Kriz: Twenty-Five People Died in OC “Without Fixed Abode” in November, Last Year There Were Nineteen

People waiting in line for assistance at St. Philip Benizi's food pantry run by its SVdP Society. About one quarter to a third of those helped are homeless.

Twenty five people living “without fixed abode,” that is homeless, died in Orange County in November.  Their names are:

Robert GARZA who died on November 1st in Costa Mesa, Nicholas MELANSON who died on November 1st in Costa Mesa, Luis HERNANDEZ who died on November 1st in Santa Ana, Roger BROOKS who died on November 1st in Orange, Infant male TOSTADO who died on November 2nd in Santa Ana, Bruce JOHNSTONE who died on November 5th in Fullerton, Michael DERUSHIA who died on November 6th in Huntington Beach, Priscilla SALINAS who died on November 8th in Fountain Valley, Dakota HANSEN who died on November 9th in Santa Ana, James KEECH who died on Nov10th in Anaheim, Stacy MENDES who died on November 11th in Orange, Jerry PIPER who died on Novt 12th in Anaheim, Larry KICHLER who died on November 15th in Fullerton, Esmail FARZANEHKARI who died on November 16th in Anaheim, John DOE who died on November 16th in Newport Beach, John DOE who died on November 19th in Santa Ana, Paul TAYLOR who died on November 21st in Orange, Andrea BERKIS who died on November 22nd in Huntington Beach, Miguel RUACHO who died on November 24th in La Habra, Gerardo RUIZ CHAVEZ who died on November 25th in Orange, Randy CONSTANT who died on November 26th in Newport Beach, Jose RAMIREZ who died on November 26th in Huntington Beach, Michael ORTIZ who died on November 27th in Anaheim, Matthew TORRES who died on November 30th in Buena Park, and Antone KALEEL, JR. who died on November 30th in Orange.

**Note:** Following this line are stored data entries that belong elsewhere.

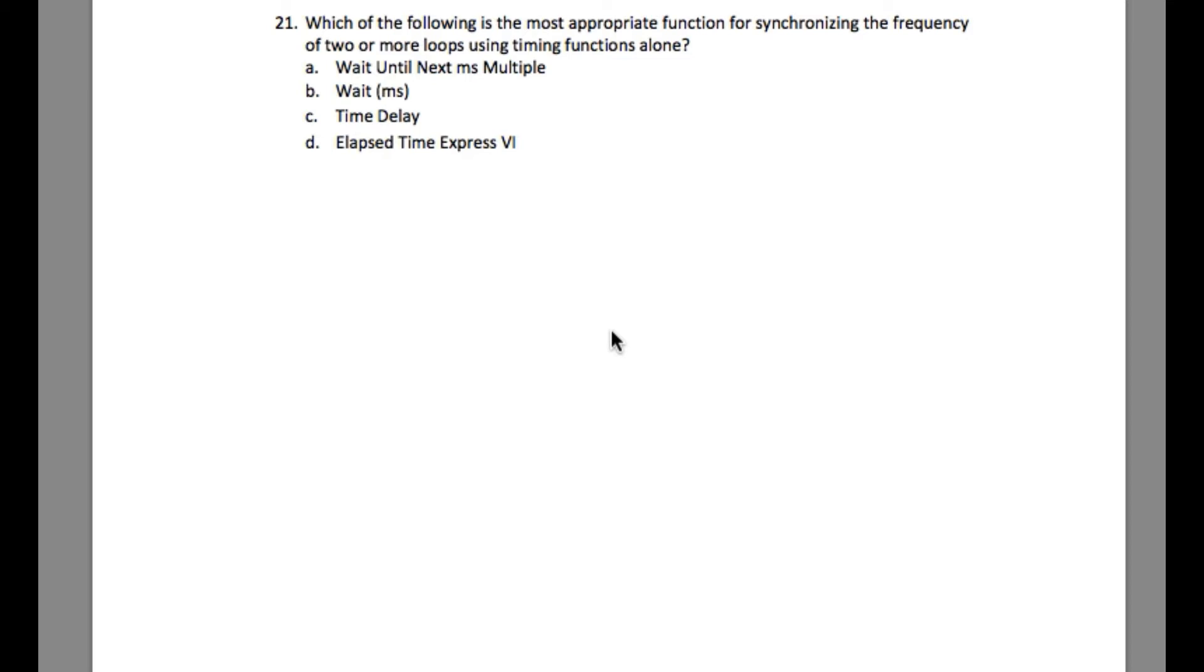If you have seen one of the videos from this LabVIEW Advantage channel in which it says how to synchronize multiple loops, then you already know the answer.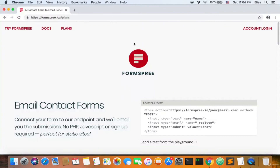Welcome back, ladies and gentlemen. I want to explain something called Formspree.io. To be clear before I start — I'm not affiliated with Formspree; I don't have anything with them. So if you want to use them, you can; if you don't, there are a lot of alternatives. But I prefer Formspree — it's the best one.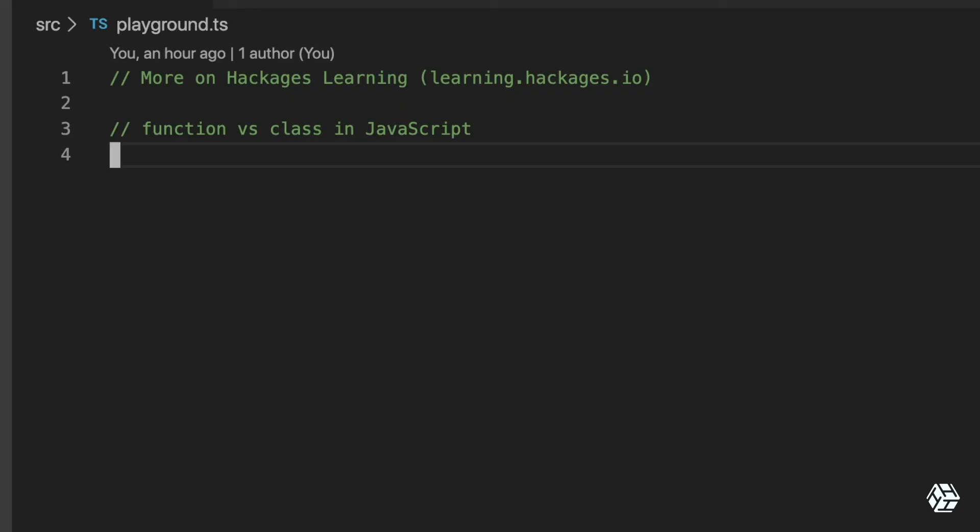Let's talk about function versus classes in JavaScript. Technically speaking, you can use a class to mimic the behavior of a function, and you can use a function to mimic what the class does. Both are functions. A class will be used mostly when you really want to dive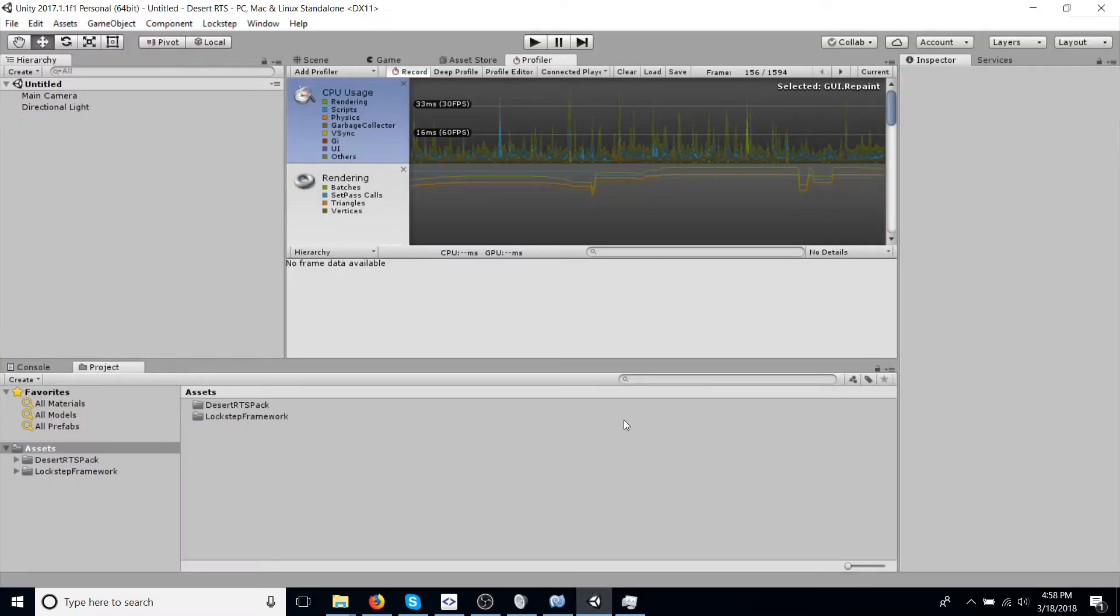Hey, this is John. Welcome to the beginning of the Desert RTS tutorial project. It's a new series for building a multiplayer real-time strategy game from the beginning with a lockstep framework.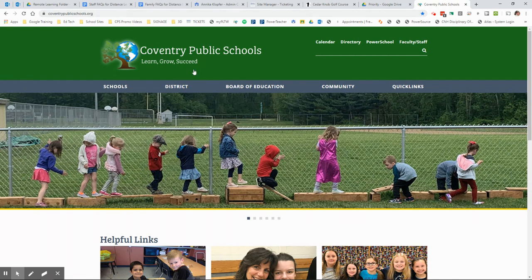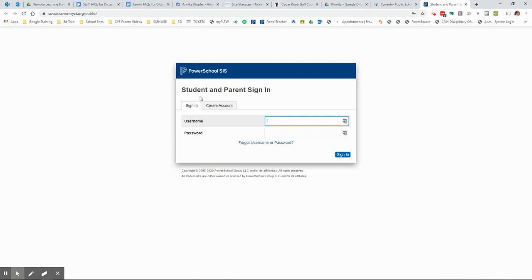And then once you get to the website, you're going to click PowerSchool. It's going to take you to the student and parent sign-in page.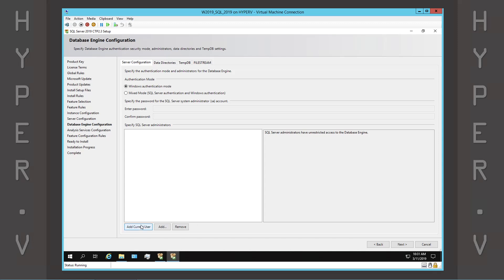On this screen, we need to select the SQL Server Administrators and verify the default install directories.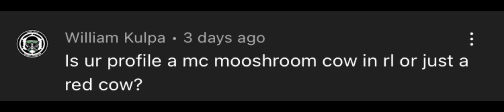Is your profile picture a mooshroom cow in real life or just a red cow? This one's easy to answer. It's a real life mooshroom. Thanks for the question, William.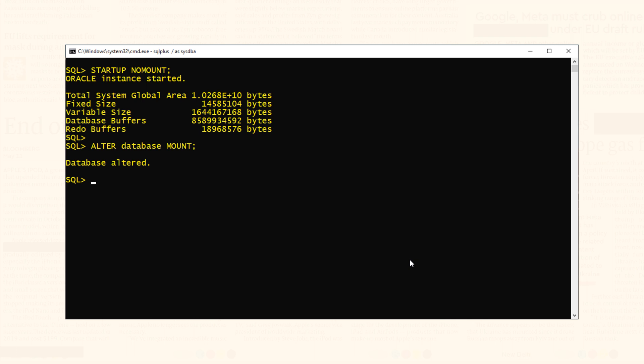Not only just one control file, but all the control files that are listed under control_files initialization parameter. If any of the control files listed under control_files initialization parameter is missing or not available, then you won't be able to mount the database and the recovery will be difficult.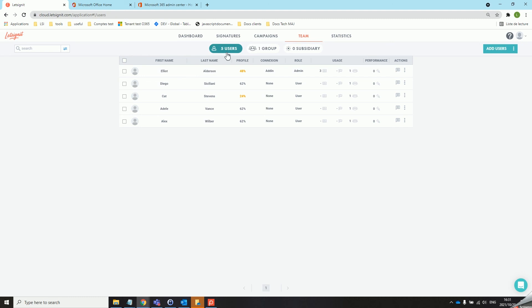Please also take note that if one of your users tries to create a Let's Sign It account before they've been synchronized from your AD this will create an isolated Let's Sign It account and this user will not be able to be synchronized from your AD. It is important to tell your users to wait that the Active Directory synchronization is done before trying to connect to the Let's Sign It account.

Nineteen people living in such circumstances died across Orange County last November.  Since Governor Newsom’s March 19th “Shelter in Place” order, 247 people living without fixed abode died across the county, 139 died under the same circumstances over the same period of time last year.

As I wrote last month, there are signs of hope.  More shelters are being opened.  Yet, there are bottlenecks and IMHO problems.  The single biggest problem is that there remains a clear / desperate shortage of permanent homes / living situations to move along those who enter into the shelters.  This is not lost on anyone, and certainly not on those who are find themselves sleeping on our streets and are being asked to go into the shelters.

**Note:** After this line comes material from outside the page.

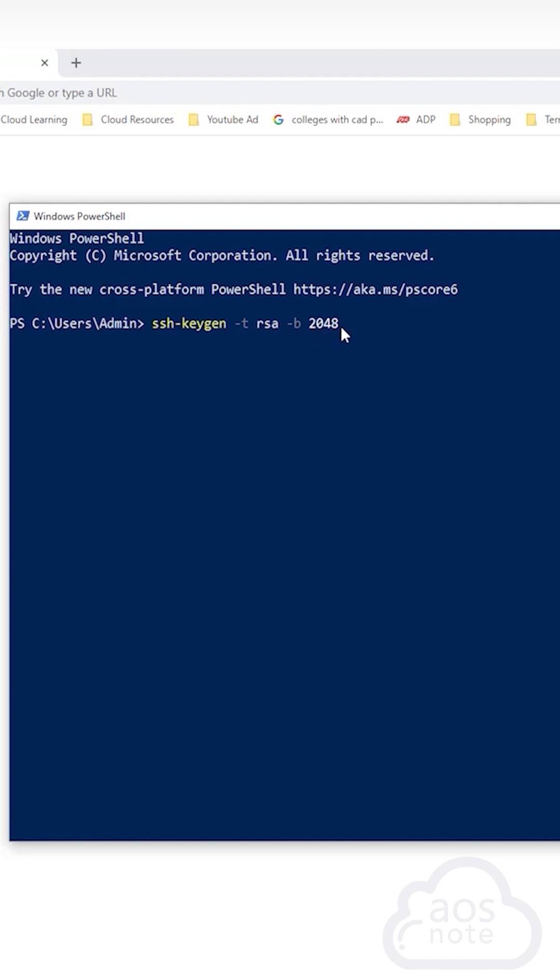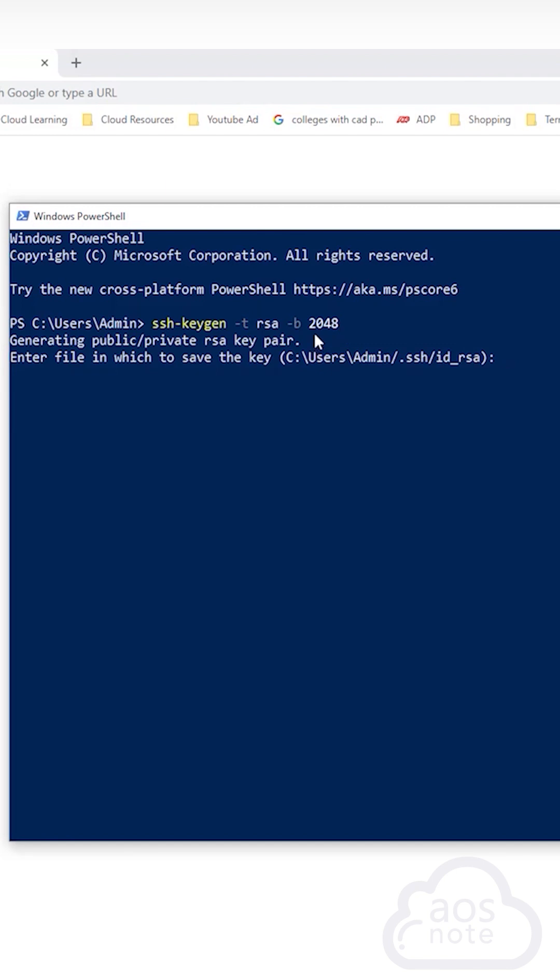Once you've typed this command, press enter. It is now generating the public and private key. The next question is asking you where you want to save your key pair to.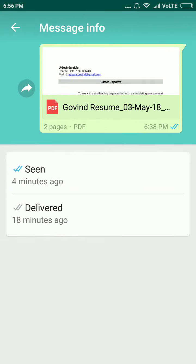Click on Info. Here you can see that this person seen my message 4 minutes ago.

Further, as irritating as this must be to many readers, there remain true civil liberties questions, that almost none of us would put up with, with regards to freedom of movement for those who do choose to enter into the shelters.

Readers please look at the question honestly: Who of us would volunteer to go to a facility that one could not leave, except perhaps escorted once or twice a week, especially if one more-or-less knew that one was almost certainly to going to remain in that facility for six months with little hope of moving during that time into something better, and at the end of those six months will probably be “exited” back onto the streets again?  Yes, six months with a shower and heat, and in the better shelters access to TV / wifi, is probably better than sleeping out in the elements in a tent with a baseball bat (or perhaps “a strong man”) for protection.  But voluntary incarceration with an expulsion date, especially when one has been disappointed, again and again before, is a really tough sell and to little purpose.

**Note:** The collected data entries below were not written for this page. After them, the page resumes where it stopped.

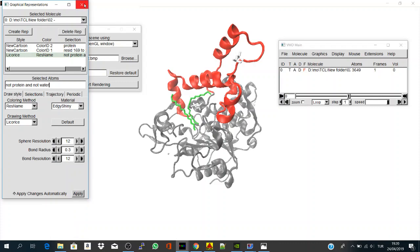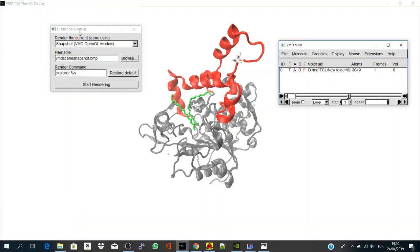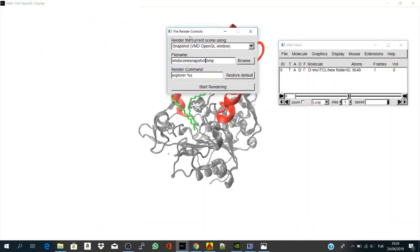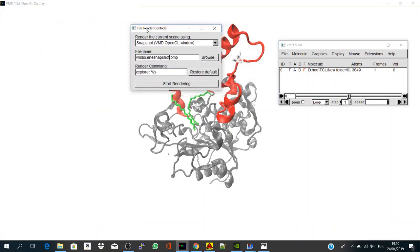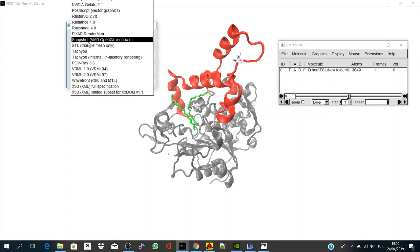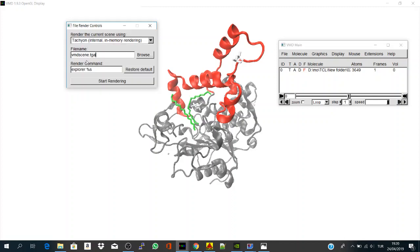And the main thing is, you change your rendering tool. By default, as I said, they are using snapshot, but this is not very nice, and I prefer Tachyon. It will give you a TGA file format, but higher quality.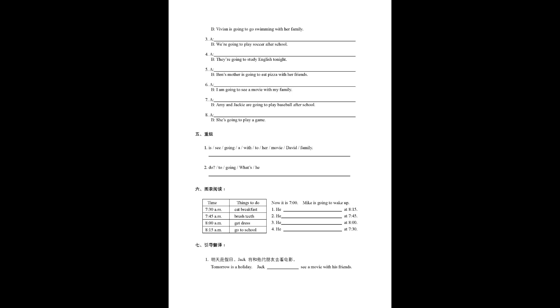Number one, it's see going up with to her movie, David's family.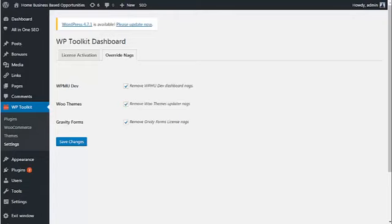Okay, so let's have a quick look around inside the WP Toolkit plugin, which allows you to search through, find, and install all of the plugins and themes and WooCommerce extensions very quickly and easily.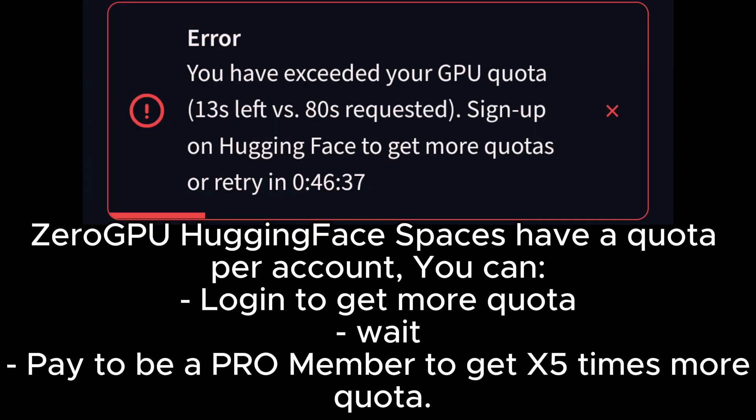Zero GPU hugging face spaces have a quota per account. You can log in to get more quota, wait, or pay to be a PRO member to get x5 times more quota.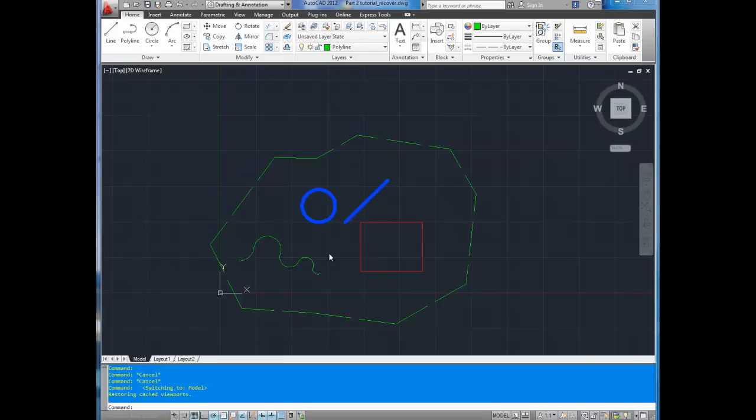Hey everybody, this is Brandon here from BetterAtEverything.info and this is part 7 of my AutoCAD basic series. In this video we'll be covering setting up a layout or paper space and printing your drawing. Let's get started.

There will probably be a change in Federal Administration, and the federal government is the only one that can provide the money needed to solve this problem.  Perhaps it is time to start, daily, sending pictures of our residents sleeping on our streets to those in Washington D.C. who would block assistance to them, noting of course, that this is a federal problem.  A fair number of those sleeping on our streets come originally from elsewhere, and yet, of course, no one wants to claim them now – “Don’t take this personally, but I don’t want to take care of you unless someone can prove that I’m absolutely responsible for you.”

Instead, let us all simply accept that these people, like the Okies of the 1930s are here, and not everyone who comes to California can be a Mark Zuckerberg or a Silvester Stallone though California has certainly benefited from arrivals to Hollywood and Silicon Valley.  Let everybody chip in now to take care of those who do come here and find … that they do need some help.   Given a chance, no one wants to be a burden.

Fr. Dennis Kriz, OSM, Pastor St. Philip Benizi Catholic Church, Fullerton.